## EXERCISE INSTRUCTIONS
Across the whole listing, find how many lines contain "fresh", then write that number and nothing else.

## PROVIDED RECORDS
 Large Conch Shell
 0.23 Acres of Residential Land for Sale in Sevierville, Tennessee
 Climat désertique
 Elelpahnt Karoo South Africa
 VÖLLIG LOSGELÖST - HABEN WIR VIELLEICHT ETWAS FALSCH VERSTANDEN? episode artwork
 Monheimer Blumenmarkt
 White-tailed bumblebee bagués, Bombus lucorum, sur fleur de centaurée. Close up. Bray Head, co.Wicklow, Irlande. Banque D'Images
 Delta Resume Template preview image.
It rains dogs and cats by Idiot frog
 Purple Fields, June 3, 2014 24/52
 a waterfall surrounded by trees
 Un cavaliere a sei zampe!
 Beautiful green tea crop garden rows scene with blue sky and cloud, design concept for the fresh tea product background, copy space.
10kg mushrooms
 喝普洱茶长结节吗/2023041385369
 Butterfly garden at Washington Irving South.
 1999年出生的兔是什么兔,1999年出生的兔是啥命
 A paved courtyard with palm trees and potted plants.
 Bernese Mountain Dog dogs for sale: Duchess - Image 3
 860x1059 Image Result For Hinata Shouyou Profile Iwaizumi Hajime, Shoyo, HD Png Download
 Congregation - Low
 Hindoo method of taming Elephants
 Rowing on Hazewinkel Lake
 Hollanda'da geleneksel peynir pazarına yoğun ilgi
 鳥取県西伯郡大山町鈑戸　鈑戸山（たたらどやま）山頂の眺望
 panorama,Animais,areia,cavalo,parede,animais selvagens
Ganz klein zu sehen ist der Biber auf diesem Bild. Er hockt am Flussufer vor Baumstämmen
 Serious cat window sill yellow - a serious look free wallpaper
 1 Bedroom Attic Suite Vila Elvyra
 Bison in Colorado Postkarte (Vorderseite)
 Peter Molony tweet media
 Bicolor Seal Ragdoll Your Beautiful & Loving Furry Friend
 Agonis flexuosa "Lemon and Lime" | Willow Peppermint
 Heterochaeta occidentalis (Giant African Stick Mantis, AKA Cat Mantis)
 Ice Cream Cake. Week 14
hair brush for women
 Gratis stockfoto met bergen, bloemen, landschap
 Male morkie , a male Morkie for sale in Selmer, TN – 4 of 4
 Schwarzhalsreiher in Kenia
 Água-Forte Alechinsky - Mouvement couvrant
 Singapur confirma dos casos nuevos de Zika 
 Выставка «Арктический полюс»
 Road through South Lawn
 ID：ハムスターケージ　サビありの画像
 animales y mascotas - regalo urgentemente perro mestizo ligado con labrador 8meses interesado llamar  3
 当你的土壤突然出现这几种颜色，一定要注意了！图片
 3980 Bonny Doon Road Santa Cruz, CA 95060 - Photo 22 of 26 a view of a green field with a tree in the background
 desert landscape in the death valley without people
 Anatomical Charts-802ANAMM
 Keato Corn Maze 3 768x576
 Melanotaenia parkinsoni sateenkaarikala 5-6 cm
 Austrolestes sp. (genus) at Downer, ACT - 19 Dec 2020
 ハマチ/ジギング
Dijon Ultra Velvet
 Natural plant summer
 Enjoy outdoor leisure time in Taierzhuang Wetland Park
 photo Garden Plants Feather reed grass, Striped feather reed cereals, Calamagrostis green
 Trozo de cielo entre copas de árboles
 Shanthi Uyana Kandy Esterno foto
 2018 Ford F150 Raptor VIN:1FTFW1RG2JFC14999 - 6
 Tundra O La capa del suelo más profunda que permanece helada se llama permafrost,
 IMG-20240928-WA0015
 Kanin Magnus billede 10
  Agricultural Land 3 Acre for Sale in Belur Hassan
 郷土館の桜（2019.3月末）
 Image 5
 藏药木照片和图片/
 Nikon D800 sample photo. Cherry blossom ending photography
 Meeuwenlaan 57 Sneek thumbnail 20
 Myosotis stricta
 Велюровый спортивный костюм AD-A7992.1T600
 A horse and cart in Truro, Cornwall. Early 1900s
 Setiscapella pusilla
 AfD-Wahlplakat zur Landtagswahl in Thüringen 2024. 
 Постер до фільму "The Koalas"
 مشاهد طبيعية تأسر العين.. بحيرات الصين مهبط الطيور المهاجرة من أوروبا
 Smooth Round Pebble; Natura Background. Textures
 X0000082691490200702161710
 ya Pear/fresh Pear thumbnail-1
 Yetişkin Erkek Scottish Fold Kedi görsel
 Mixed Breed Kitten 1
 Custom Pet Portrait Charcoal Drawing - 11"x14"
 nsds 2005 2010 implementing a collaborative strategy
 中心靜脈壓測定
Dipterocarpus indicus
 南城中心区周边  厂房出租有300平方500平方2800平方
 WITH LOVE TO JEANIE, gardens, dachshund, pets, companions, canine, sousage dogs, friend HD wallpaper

## EXERCISE SOLUTION
2